Happy workers at the office are essential for maintaining a good, professional environment. Yet, several workplace myths may be counterproductive to keeping people happy in their cubicles for eight hours a day. The happiest employees separate their personal and professional lives, love bosses who are effective leaders and do not want to get over-stimulated at the office.
One common workplace myth is that bosses are responsible for providing happiness to their subordinates. Managers need to realize one aspect of human behavior is that happiness, and other emotions, are internally generated in response to external stimuli based on previous experiences in similar circumstances. For example, workers had stress, worries, dilemmas, family obligations and issues before they were hired, and they will have the same anxieties long after they leave the company.
When an aberrant situation occurs at the office, some employees may feel apathy, fear, sympathy, sadness, regret or joy. What is felt depends on how individuals react to the same stimuli. If 12 people witness the same messy dilemma at work, they feel 12 different sets of emotions. It is not the job of a boss at work to create happy workers. However, department heads can attempt to mitigate sour feelings by maintaining a welcoming environment at the office. Allow employees to have their quirks and temperaments as long as personal issues do not interfere with production and output. When the bottom line is affected, it is time to do something. Some days a boss may lighten the mood and other days bring down the hammer.
Another major workplace myth is that employees love bosses who are "good guys" or managers who everybody likes. Instead of a "best bud" at the office, workers want someone who can effectively lead a team. A manager leads by example, and that person cannot expect his subordinates to have a sunny disposition the entire time at work, which puts too much pressure on the staff to live up to the boss' example.

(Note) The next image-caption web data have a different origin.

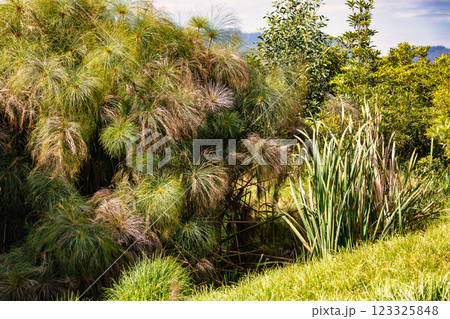 Lush green vegetation featuring tall papyrus plants and other tropical flora. Tocancipa, Cundinamarca Department, Colombia 123325848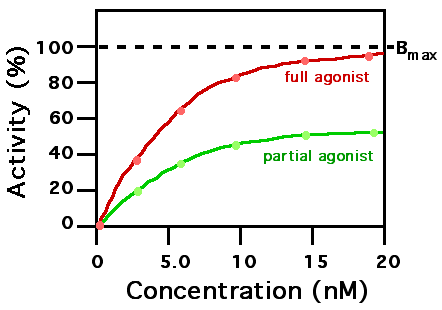 <p>will never reach full efficacy </p>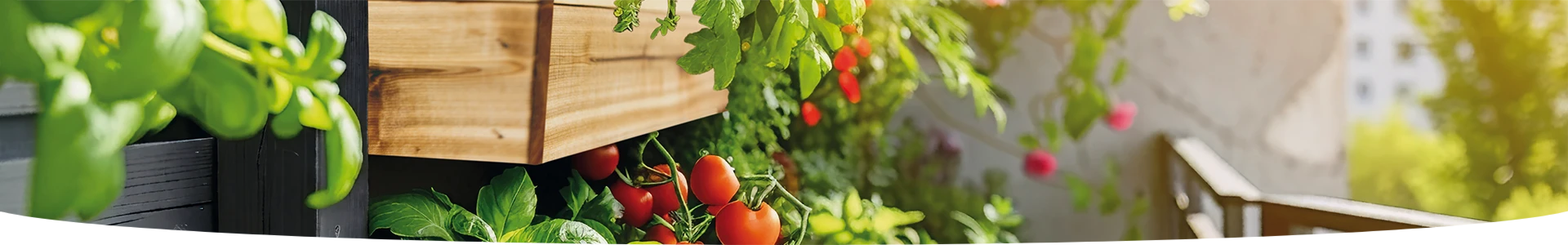 Hydro granules: pour votre jardin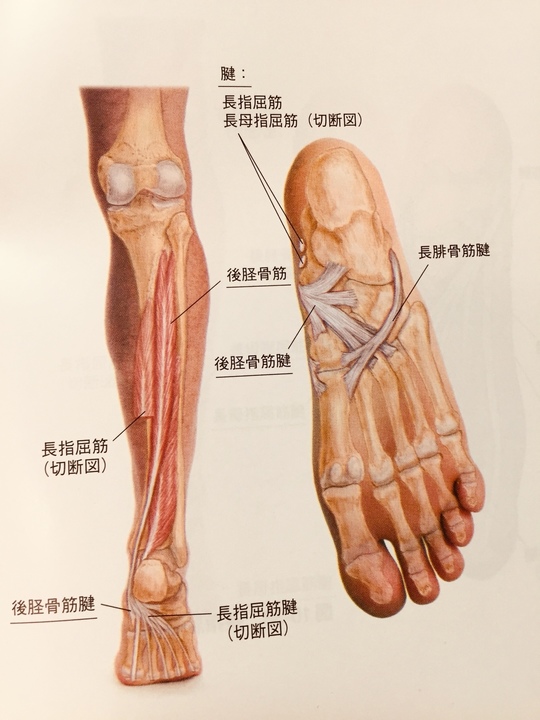 足裏の痛み 足底腱膜炎 足底筋膜炎 千葉市稲毛区の整体なら氣仙長生治療院 肩こり 腰痛 ひざ痛
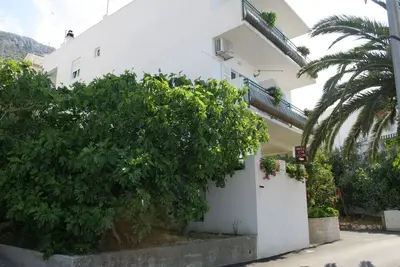 Image de Garçonnière prés de la plage Igrane, Makarska (As-2679-a)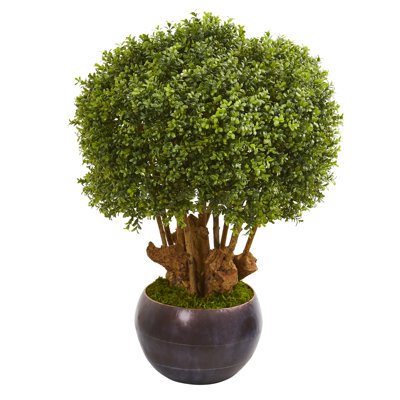 Topiaire buis artificiel en pot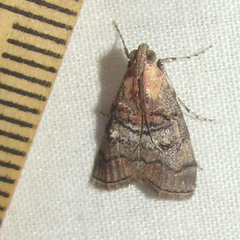 Pococera maritimalis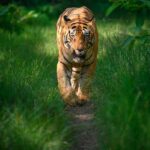 Sadha Instagram - Tiger in monsoon greens! And it’s icing on the cake, if it’s CM! My dream to get his head on finally came true with this sighting. I have mostly found him sleeping/resting. This day was no different. We got him sleeping first but luckily within half an hour he started to get active & I couldn’t control my excitement when he started walking towards the gypsy. 😀 However don’t know what’s with him that he looked down or sideways while walking, never straight into the camera. Like his mother Choti Tara, some say. I’m glad he made this eye contact at the right time! 💚☺️ I was so confused while editing this one as to which composition to choose. I tried different ones. More head room, more leg room, close & wide in each & then subject in the centre. And liked them all as each had a different flavour. After spending a long time, when I was still unable to make my mind, I reached out to my mother. 😅 She simplified it for me by saying, just share them all! However she voted for the second one. What’s your pick. Which one appeals to you more? #tadoba #tadobaandharitigerreserve #chotamatka #tiger #savetigers #wildlifephotography #sadaa #sadaasgreenlife #sadaawildlifephotography Tadoba - Andhari Tiger Reserve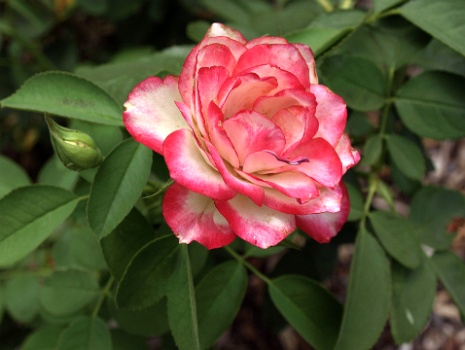 Mostly Pink Cherry Parfait Rose  Mostly Pink Cherry Parfait Rose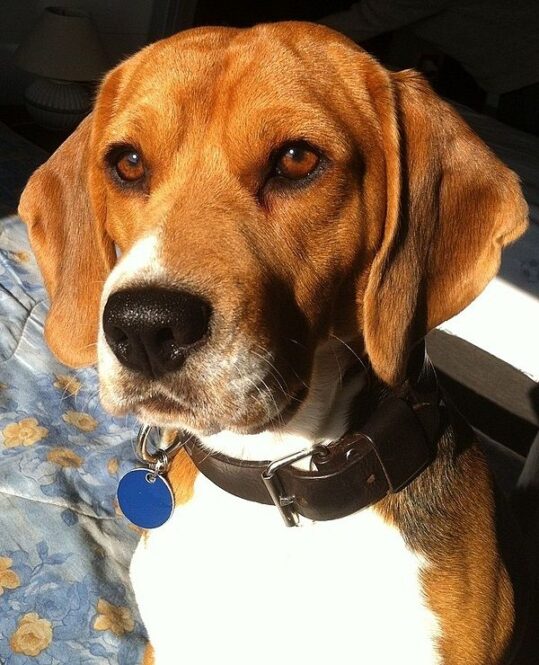 chó săn thỏ beagle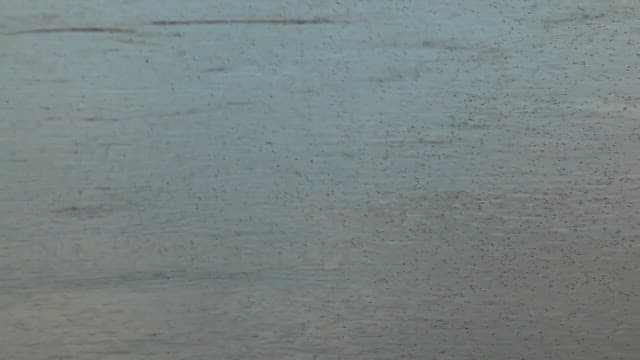 Flock of birds flying over water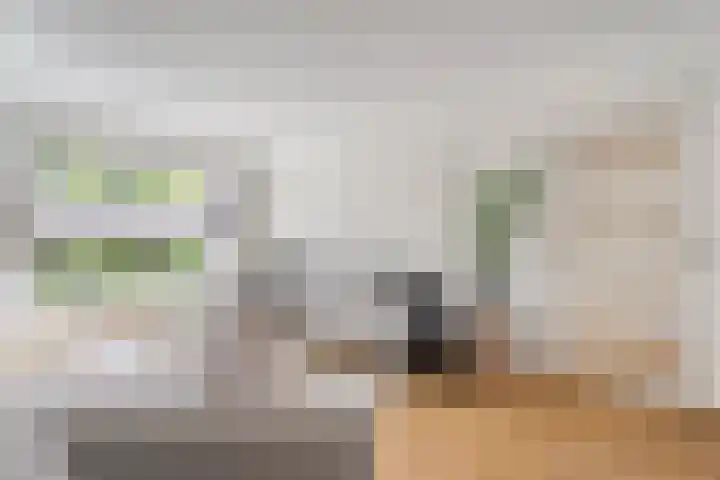 Johan de Wittstraat 15 Zwolle thumbnail 6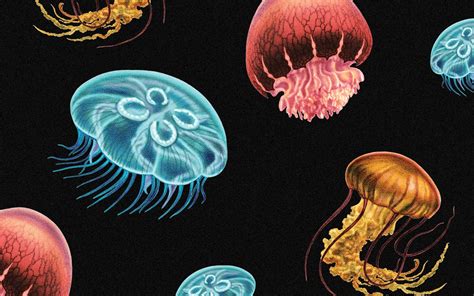 Five Texas Jellyfish—and Relatives—to Know – Texas Monthly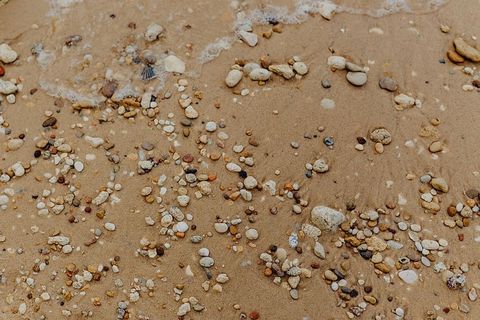 沙滩背景，贝壳和鹅卵石——许多圆形小石头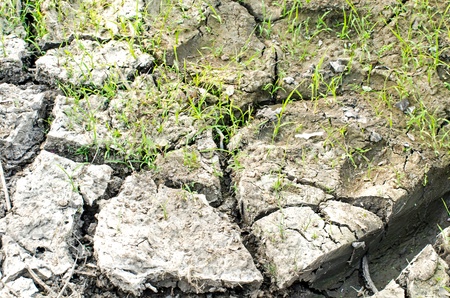 Dry cracked earth の写真素材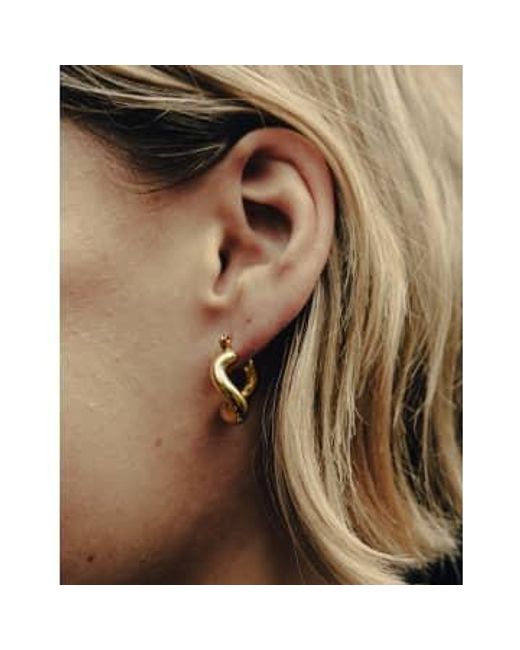 Boucles d'oreilles cerceau liqui d'or, or imperméable sans ternissement 18k Nordic Muse en coloris Brown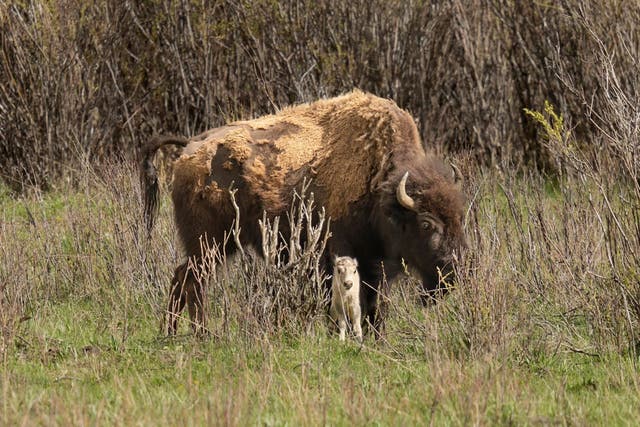 Yellowstone Park White Buffalo
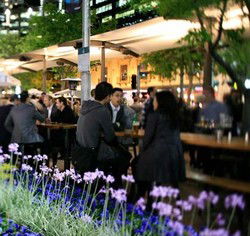 Quay Bar - Brisbane Tourism 0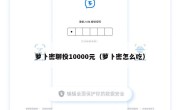 萝卜密聊投10000元（萝卜密怎么吃）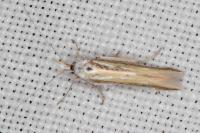 Coleophora valesianella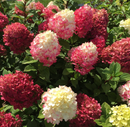 HYDRANGEA - LITTLE LIME PUNCH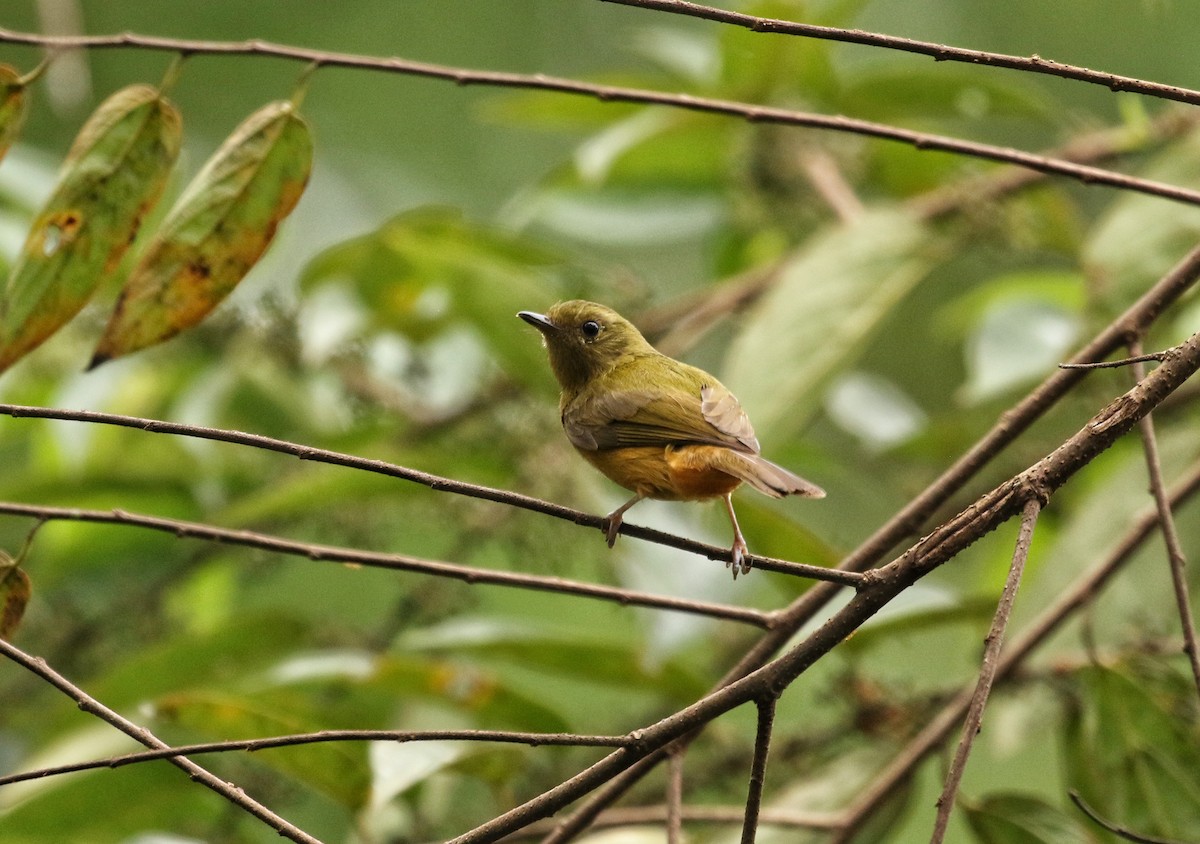 Pipromorphe de McConnell - ML646979303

Instead, managers need to be well-rounded and keep several things in mind when presenting themselves to employees. Quickly dispel the workplace myth that supervisors should be happy all the time by sharing a personal story that is serious, emotional and funny simultaneously. Such stories are lessons that instantly let an employee know that any workplace issue can be brought up freely. Well-rounded managers deal with serious issues on a daily basis, and employees should be able to bring critical office issues to their bosses.
Another workplace myth is that happiness equals engagement. Contrarily, there can be too much of a "good thing" for employees. When concepts are overdone regularly, workers lose interest. Having a staff meeting every Wednesday is good, just do not overdo the same boring routine every week. Mix things up a bit to keep employees interested.
Employees can, and should, find happiness at work. Another workplace myth is that humans become robots in their cubicles. Supervisors do not want to work with automatons but with flesh-and-blood people who have the right passion for their jobs. The office is a possible outlet for finding happiness, yet the workplace is not the ultimate expression of life's joy.